Among the entries below, take the line with "ATLANTA, GA - DECEMBER" and the line with "Read Medaka Box", and output them and every line between them exactly, with nothing else.

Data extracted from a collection
#####

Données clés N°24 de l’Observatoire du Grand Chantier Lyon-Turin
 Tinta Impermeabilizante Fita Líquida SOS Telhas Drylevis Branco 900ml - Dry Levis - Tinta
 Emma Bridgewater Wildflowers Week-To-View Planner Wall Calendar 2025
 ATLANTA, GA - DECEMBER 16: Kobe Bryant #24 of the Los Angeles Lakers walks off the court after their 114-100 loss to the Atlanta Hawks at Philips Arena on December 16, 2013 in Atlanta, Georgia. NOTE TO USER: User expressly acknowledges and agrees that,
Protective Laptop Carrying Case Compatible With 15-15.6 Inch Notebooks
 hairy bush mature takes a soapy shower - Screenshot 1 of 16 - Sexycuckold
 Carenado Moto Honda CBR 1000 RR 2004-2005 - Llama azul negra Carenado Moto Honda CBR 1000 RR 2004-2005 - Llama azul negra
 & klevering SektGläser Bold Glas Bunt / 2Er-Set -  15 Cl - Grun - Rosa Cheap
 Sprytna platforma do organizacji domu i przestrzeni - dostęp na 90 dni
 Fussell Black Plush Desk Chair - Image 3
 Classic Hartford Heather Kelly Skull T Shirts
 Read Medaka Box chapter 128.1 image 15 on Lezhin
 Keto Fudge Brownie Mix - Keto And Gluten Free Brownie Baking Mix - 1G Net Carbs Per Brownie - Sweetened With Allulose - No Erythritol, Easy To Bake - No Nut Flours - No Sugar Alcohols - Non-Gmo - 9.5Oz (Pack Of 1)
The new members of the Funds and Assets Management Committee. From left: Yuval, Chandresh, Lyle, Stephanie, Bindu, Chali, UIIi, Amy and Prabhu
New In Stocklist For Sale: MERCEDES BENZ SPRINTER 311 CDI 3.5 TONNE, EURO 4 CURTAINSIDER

#####

Task solution =>
 ATLANTA, GA - DECEMBER 16: Kobe Bryant #24 of the Los Angeles Lakers walks off the court after their 114-100 loss to the Atlanta Hawks at Philips Arena on December 16, 2013 in Atlanta, Georgia. NOTE TO USER: User expressly acknowledges and agrees that,
Protective Laptop Carrying Case Compatible With 15-15.6 Inch Notebooks
 hairy bush mature takes a soapy shower - Screenshot 1 of 16 - Sexycuckold
 Carenado Moto Honda CBR 1000 RR 2004-2005 - Llama azul negra Carenado Moto Honda CBR 1000 RR 2004-2005 - Llama azul negra
 & klevering SektGläser Bold Glas Bunt / 2Er-Set -  15 Cl - Grun - Rosa Cheap
 Sprytna platforma do organizacji domu i przestrzeni - dostęp na 90 dni
 Fussell Black Plush Desk Chair - Image 3
 Classic Hartford Heather Kelly Skull T Shirts
 Read Medaka Box chapter 128.1 image 15 on Lezhin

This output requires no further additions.